Last edited: May 21, 2014
17. May 21, 2014

### mark.laidlaw19

Thank you very much for your response. In our course, however, we have not yet covered the gamma, beta and zeta functions, and this leads me to believe that the integral can be done using parametrisation.

18. May 21, 2014

### Saitama

I meant what I wrote but you got the correct coefficients.

So you have:
$$\int_0^{R} \frac{dx}{a^3+x^3}=\int_0^{R} \frac{dx}{3a^2(a+x)}+\int_0^{R} \frac{2a-x}{3a^2(x^2-ax+a^2)}dx$$

I suppose the first integral is easy to evaluate.

To evaluate the second one, try splitting it in the following way:
$$\int_0^R \frac{2a-x}{3a^2(x^2-ax+a^2)}\,dx=\frac{1}{6a^2}\left(\int_0^R \frac{3a}{x^2-ax+a^2}\,dx-\int_0^R \frac{2x-a}{x^2-ax+a}\,dx\right)$$

The first one can be handled by completing the square and the second one by the substitution $u=x^2-ax+a^2$.

19. May 21, 2014

### pasmith

On checking, I realize that I made an error in the initial substitution, so I deleted my post.

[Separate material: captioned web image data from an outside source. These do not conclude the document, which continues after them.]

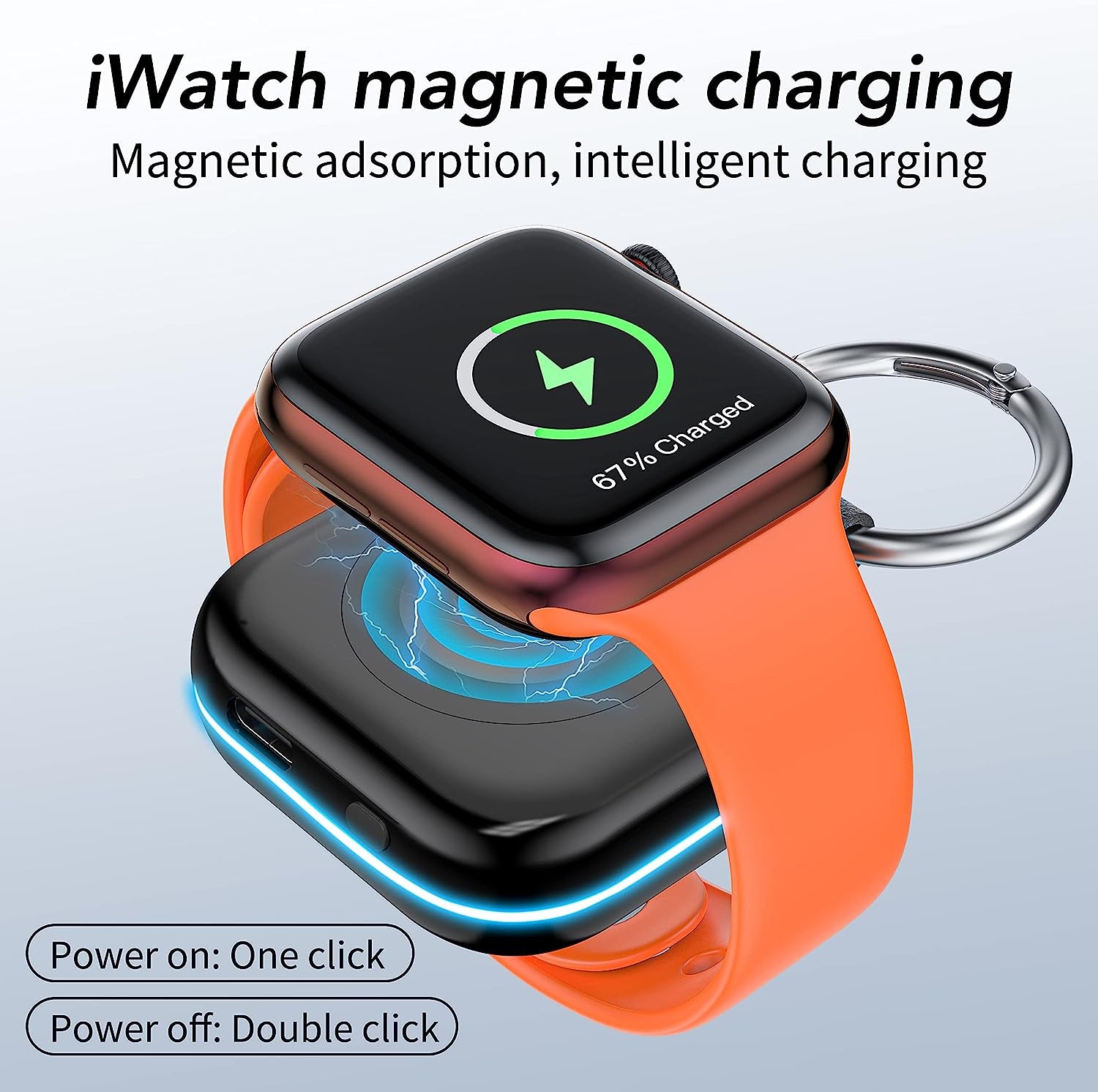 Portable Charger for Apple Watch Wireless Magnetic Iwatch Charger 1200Mah Power Bank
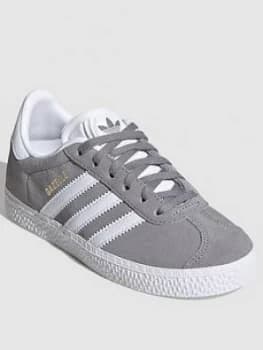 Adidas Originals Gazelle Childrens Trainers - Grey/White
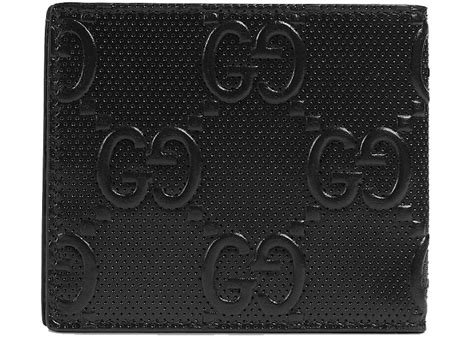 gucci embossed wallet|gucci wallets official website.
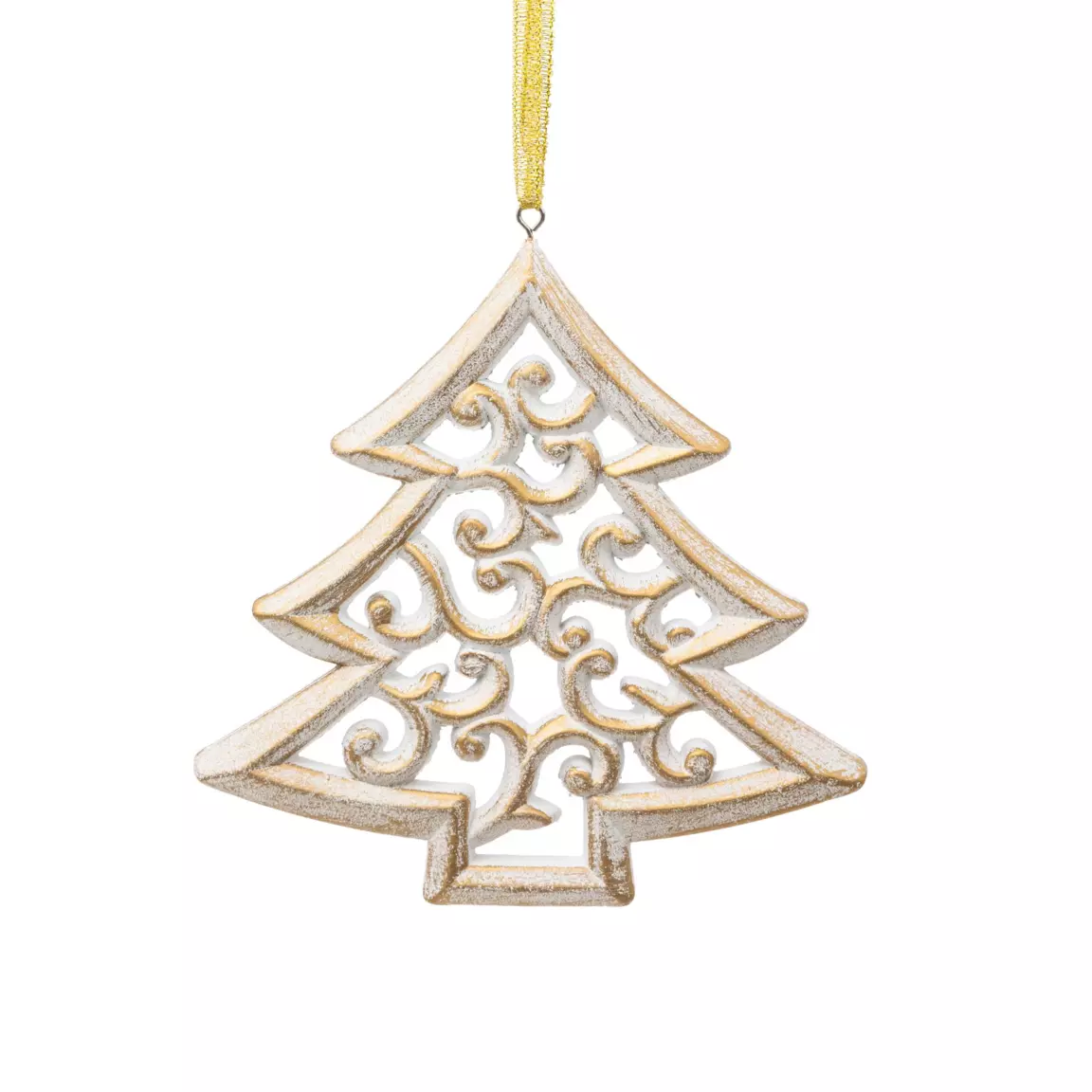 Suspension de Noël (H14,5 cm) Arabesque Blanc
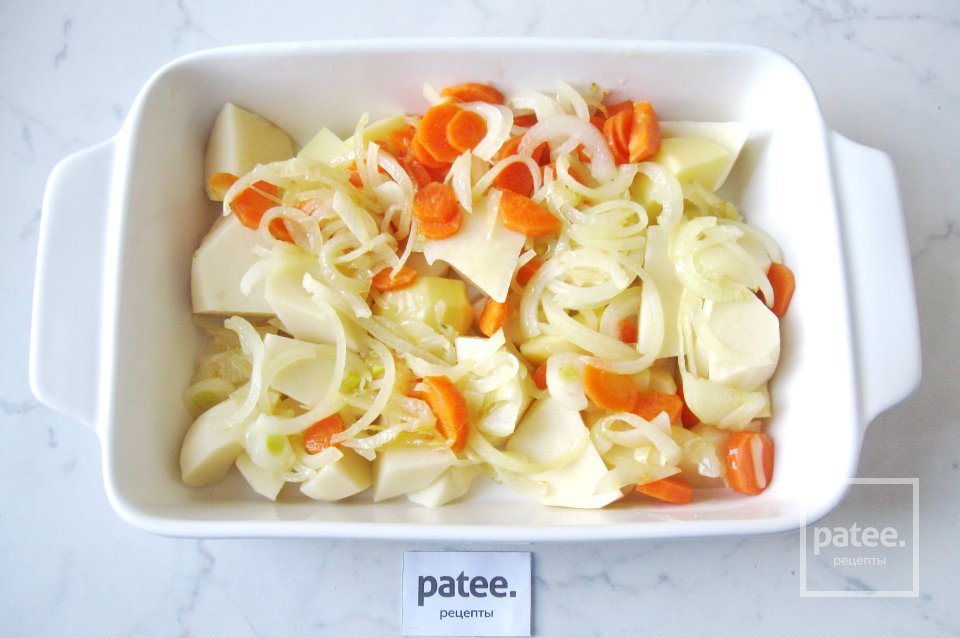 Свиная грудинка в маринаде с картофелем - Шаг 13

However you do end up with a beta function, and I think that you have $$\int_0^\infty \frac{1}{(1 + x^3)^3}\,dx = \frac13 \int_0^1 u^{5/3} (1 - u)^{-2/3}\,du = \tfrac13 B(\tfrac 83, \tfrac 13).$$
You will need the additional result $$\Gamma(z + 1) = z \Gamma(z).$$

20. May 21, 2014

### BruceW

looks pretty good. But to continue from here, he needs to know quite a few more formulas related to the beta and gamma functions. Or simply use beta(8/3,1/3) in an advanced calculator :)

21. May 21, 2014

### Ray Vickson

The integral
$$F(R) =\int_0^R \frac{dx}{(1+x^3)^3}$$
is doable in elementary terms (no Gamma, Beta functions, etc) and then the limit can be taken. The answer happens to coincide with $\frac{1}{3} B(\frac{8}{3},\frac{1}{3}).$

The indefinite integral is a bit nasty and long, but nowhere near as nasty as the one in my original response; the Maple printout is only about 1/2 page now, rather than 10 pages from before. Doing it by hand would be challenging but possible. It blows away Wolfram Alpha inasmuch as the default cpu time is exceeded.

22. May 21, 2014

### Saitama

Yes, the indefinite one is a bit nasty but still doable by hand. Instead of directly working with $1/(1+x^3)^3$, one can evaluate the indefinite integral of $1/(a^3+x^3)$ (not cubed!) and take out the necessary info. I hope you see what I am trying to do here. :)

@mark.laidlaw19: Did you evaluate the definite integral? You are quite close to the final answer now.

23. May 21, 2014

### mark.laidlaw19

Thank you for your help everyone, just letting you know I am in class right now but will reply as soon as I can. I really appreciate all your assistance

24. May 22, 2014

### Ray Vickson

The "trick" you are aiming at would go even easier if you started with
$$\int \frac{1}{x^3+a} \, dx$$

25. May 22, 2014

### Saitama

I am sorry but I will have to disagree here (maybe its a matter of choice). Your suggestion would give nasty cuberoots and the subsequent steps would be much harder to deal with than they already are. Using $a^3$ gives a nicer expression.